Sometimes cross-cultural understandings misfire and trust can take a big hit.

I was asked to advise a newly established bank training institution in a part of the world that I had not yet visited. Having designed and managed a residential banker training center in Turkey and had also consulted on similar ventures in other developing economies, this was right up my alley.


The new Institute, wanting to partner with a prestigious US business school, had approached a finance professor at one such university who had previously been a Minister and Central Bank Governor in his home country. He invited me onto the project.


The professor’s discussions with their representatives prior to our first meeting at the business school had led him to believe this would be a detailed planning session, followed by agreement of final contract terms, so implementation could proceed as quickly as possible.

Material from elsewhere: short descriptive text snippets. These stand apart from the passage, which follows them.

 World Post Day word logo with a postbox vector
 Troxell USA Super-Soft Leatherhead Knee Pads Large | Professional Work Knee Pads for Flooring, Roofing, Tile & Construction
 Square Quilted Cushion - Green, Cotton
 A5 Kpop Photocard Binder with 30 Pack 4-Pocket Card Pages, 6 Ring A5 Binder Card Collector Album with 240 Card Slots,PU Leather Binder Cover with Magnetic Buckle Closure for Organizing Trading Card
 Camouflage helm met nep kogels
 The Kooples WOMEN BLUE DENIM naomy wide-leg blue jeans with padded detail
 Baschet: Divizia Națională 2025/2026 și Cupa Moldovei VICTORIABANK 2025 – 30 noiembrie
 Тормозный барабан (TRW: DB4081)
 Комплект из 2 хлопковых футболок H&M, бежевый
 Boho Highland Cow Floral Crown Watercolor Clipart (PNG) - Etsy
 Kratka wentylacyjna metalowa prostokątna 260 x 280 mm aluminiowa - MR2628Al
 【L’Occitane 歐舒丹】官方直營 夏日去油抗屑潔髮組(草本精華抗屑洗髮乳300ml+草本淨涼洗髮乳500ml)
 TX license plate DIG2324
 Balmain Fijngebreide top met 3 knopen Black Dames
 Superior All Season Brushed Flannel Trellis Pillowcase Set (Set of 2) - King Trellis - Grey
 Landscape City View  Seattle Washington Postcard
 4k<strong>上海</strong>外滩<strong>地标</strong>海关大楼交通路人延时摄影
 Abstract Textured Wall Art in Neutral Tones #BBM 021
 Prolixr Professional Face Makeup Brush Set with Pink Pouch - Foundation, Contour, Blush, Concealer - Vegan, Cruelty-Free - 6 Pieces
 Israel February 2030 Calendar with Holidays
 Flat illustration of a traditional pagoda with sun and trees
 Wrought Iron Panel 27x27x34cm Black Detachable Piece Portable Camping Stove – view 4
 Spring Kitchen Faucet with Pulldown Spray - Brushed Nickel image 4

Over dinner we made small talk with the two representatives (the Institute’s director was accompanied by an advisor from another developing economy’s banking sector), touching only lightly on the project itself. The next day we met in a classroom and spent an intensive day filling up white boards and flip charts, outlining details of a curriculum and explaining the resources that would be seconded to the project from the business school along with other banking experts. At day’s end we were prepared to take our guests to dinner joined by the Dean of the business school to celebrate the new partnership.


That’s when the atmosphere changed - big time. They thanked us for the work done that day and then said, “We will take all of this into consideration as we collect information from the two other business schools we will be visiting during the next few days. We will get back to you as soon as we have decided.”


There followed a long silence. We were totally blindsided. Before that day and during our discussions they had never suggested we were participating in a competition. We would certainly have taken a considerably different approach if we had known.


More significantly, we both had a sense of betrayal at their lack of transparency and clarity in their communications. Conferring outside the room, the professor and I decided to cancel the dinner. In the end, they gave the business to another business school. Neither the professor nor I had any regrets about not getting the business.


Looking back, we were four different nationalities with different backgrounds and mindsets in the room. Given that, we should have made all communications clearer and developed an understanding of our purpose and the processes that would guide our work together. It was also great lesson supporting the statement that to ‘assume’ can make an 'ass of u and me'.